As much as a quarter of America’s malls are expected to close down in the next three to five years. That’s according to Dianne Crocker (pictured) principal analyst at real estate intelligence provider LightBox. The fall-off of malls, she explained, has come from a longstanding trend away from brick and mortar real estate and towards e-commerce, a trend that has been put into overdrive during the pandemic.
While analysts have been predicting the death of malls for the better part of a decade now, Crocker also offered some clues as to how these huge swathes of commercial real estate will be repurposed. She carried an optimistic outlook, highlighting how these spaces can become new hubs of urban and suburban life.
Crocker explained the considerable opportunity for communities and mortgage professionals presented by repurposing malls.
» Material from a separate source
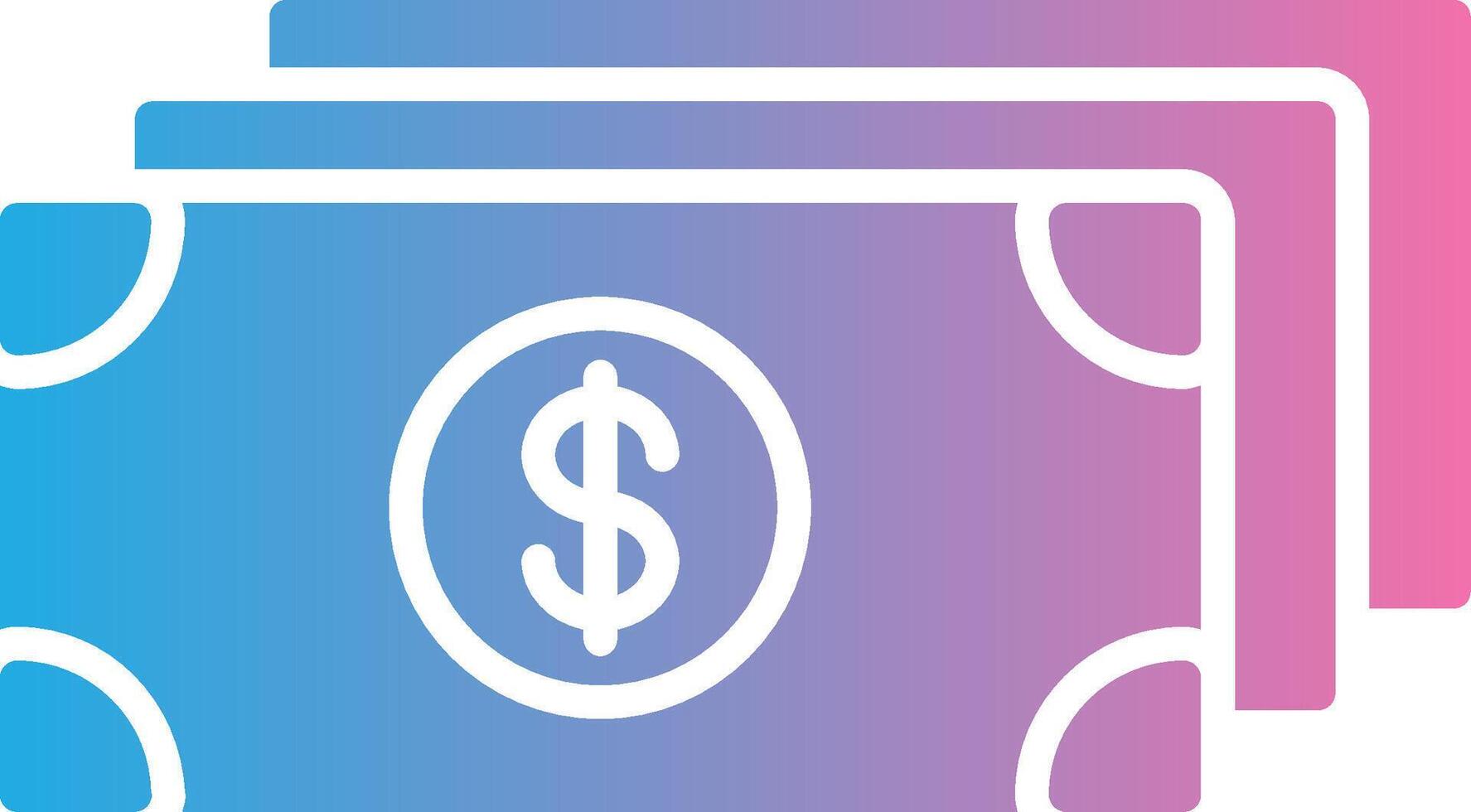 Dollar Glyph Gradient Icon Design vector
The live-work-play development model has been greeted warmly by communities and is attracting considerable capital from private equity firms with distressed US commercial real estate assets in their sights. Last-mile distribution models are becoming popular, too, though the industrial use can sometimes have negative impacts on the communities involved. Nevertheless, Crocker believes that given the range of positive models available for mall redevelopment, there is a whole lot of opportunity for stakeholders in commercial real estate coming around the bend.
“There’s so much capital, with US commercial real estate and its crosshairs right now,” Crocker said. “The slowdown that that pandemic brought to bear on the market has created pent up demand among folks who are looking to place money in real estate. I would say a lot of the capital is with private equity firms. Real estate investment trusts have a lot of capital that they’re looking to place in very short order and to a certain extent there are foreign dollars as well.”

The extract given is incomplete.